Страница 5 из 32
– А Никанора Алексеевича всё устраивает? – спросил Саша, которого заинтересовал рассказ деда.
– Ему на старости лет отдыха хочется. Он богоугодными делами занимается: церковью своею, нуждающимся помогает, а дела предприятия зятю доверил. Тот человек заносчивый, не каждый с таким общий язык найдёт, даже братья Никанора с ним связываться не стали. Когда он задумал новую фабрику заложить, предлагал ведь братьям вместе строить. Те узнали, что распоряжаться строительством Кормилицын будет, отказались. Свою фабрику выстроили, верстах в трёх, на реке Ветке. Идут, кажется…

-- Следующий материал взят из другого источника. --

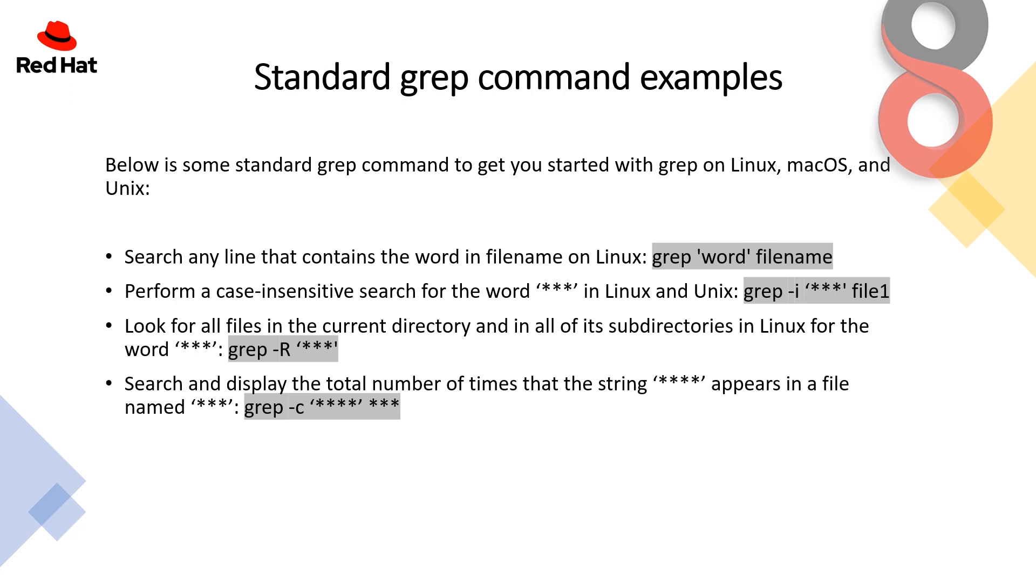The standard grep command examples include searching for any line that contains a word in a filename on Linux, and performing a case insensitive search for a word in Linux and Unix environment.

К веранде бодро шагал высокий, широкой кости мужчина лет около пятидесяти. За ним еле поспевал коноваловский работник, спешащий доложить хозяевам о приезде гостей. Позади, никуда не торопясь, степенно шествовал совсем седой благообразный старик, похожий на епархиального владыку – такой же строгий и величественный.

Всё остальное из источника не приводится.